Next Marketing Year
By Mike Krueger
July temperatures across the U.S. were the hottest ever, eclipsing the previous all-time highs for July set back in 1936. That heat was the “coup d’état” for U.S. corn and soybeans as the drought of 2012 got worse instead of better as the summer wore on. The result was unprecedented yield reductions for corn and soybeans in the July and August USDA estimates. The August 10th USDA production estimates slashed corn production a whopping 2.2 billion bushels and soybean production by an equally startling 358 million bushels. The projected corn yield of 123.4 bushels per acre will be the smallest since 1995. Corn ending supplies are projected to be 650 million bushels, the smallest in many years and the equivalent of “bin bottoms.” Soybean ending supplies are also forecast to be at “bin bottom” levels of just 115 million bushels.
The U.S. drought follows a terrible production season in South America, where soybean production in Brazil and Argentina fell far below expectations. It was the poor South American soybean crop that sponsored the first leg of the 2012 rally in commodity prices because U.S. soybean supplies were already extremely tight and demand from China continues to expand. There was simply no room for error in Northern Hemisphere crop production. Hot and dry weather also plagued the Black Sea region, with Russia’s wheat production sharply lower than expected.

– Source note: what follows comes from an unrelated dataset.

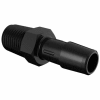 Eldon James 1/4-18 NPT to 3/8" Barbed Adapter, Black Nylon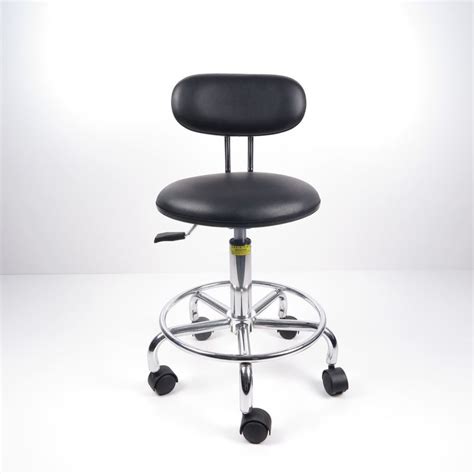 Upholstered Backrest Ergonomic Lab Chairs Anti Static With Fixed Foot Ring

The result of the world’s crop production troubles has been new alltime high prices for corn and soybeans and big price gains for every other crop, including sunflower. The U.S. and the world will be faced with an enormous job of rationing. It will take high prices over an extended period of time to accomplish the rationing process. The 2012/13 marketing year will likely redefine the meaning of “inelastic demand.” The USDA was forced to make major cuts in demand to prevent ending supply estimates from going negative. The problem is these demand cuts are on paper. It is the market’s job to transform the paper cuts into reality. No one knows for certain what price levels are necessary to accomplish this rationing.
USDA reduced the U.S. soybean crushing and export forecasts to maintain a minimum level of soybean ending supplies. A reduced crush means reduced soybean oil production, and that was reflected in the August USDA report. U.S. soybean oil ending supplies are now expected to be cut by nearly 40% down to 1.295 million pounds. World soybean oil ending supplies are projected to drop by nearly one third from the 2011/12 marketing year. This should translate into strong world vegetable oil prices, including sunflower oil.

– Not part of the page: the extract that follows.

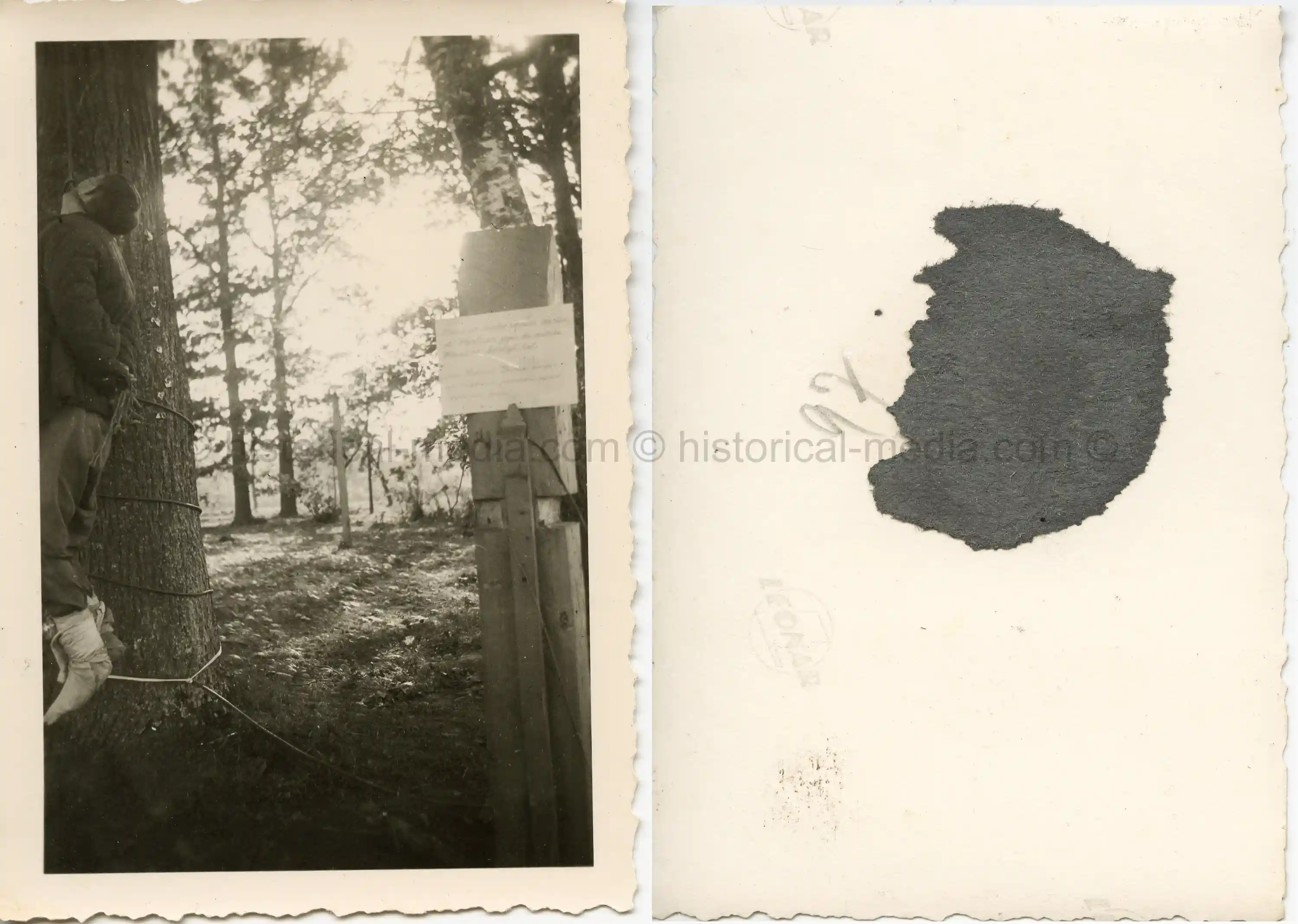 GERMAN PHOTO OF HANGED PARTISAN W/ POSTED SIGN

Sunflower production in the EU and the Ukraine will be smaller than expected because of dry weather. The Northern Plains of the U.S., where most of the sunflower production is located, fared much better with the drought than the central and southern Corn Belt, and sunflower yields in this region should be average or better. USDA will not release a U.S. sunflower production estimate until October.

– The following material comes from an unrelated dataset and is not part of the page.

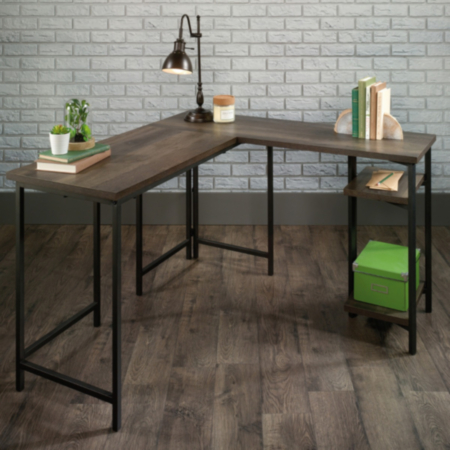 Industrial Style L-Shaped Smoked Oak Home Office Desk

There will be wide-ranging implications from the U.S. drought and sharply reduced corn and soybean production coupled with a declining world wheat crop. Markets will remain very volatile, but prices should also remain at very high levels, at least until there is some certainty that soybean production in South America will rebound significantly in 2013. In fact, the soybean market is already anticipating record soybean crops in both Brazil and Argentina three to four months before those crops are even planted. It will also mean the market will again need more planted acres of every crop and strong yields to rebuild supplies.
Mike Krueger is owner of The Money Farm, a grain marketing consulting firm. While the information in this article is believed to be reliable, marketing involves risk, and the author and The Sunflower assume no liability for its use.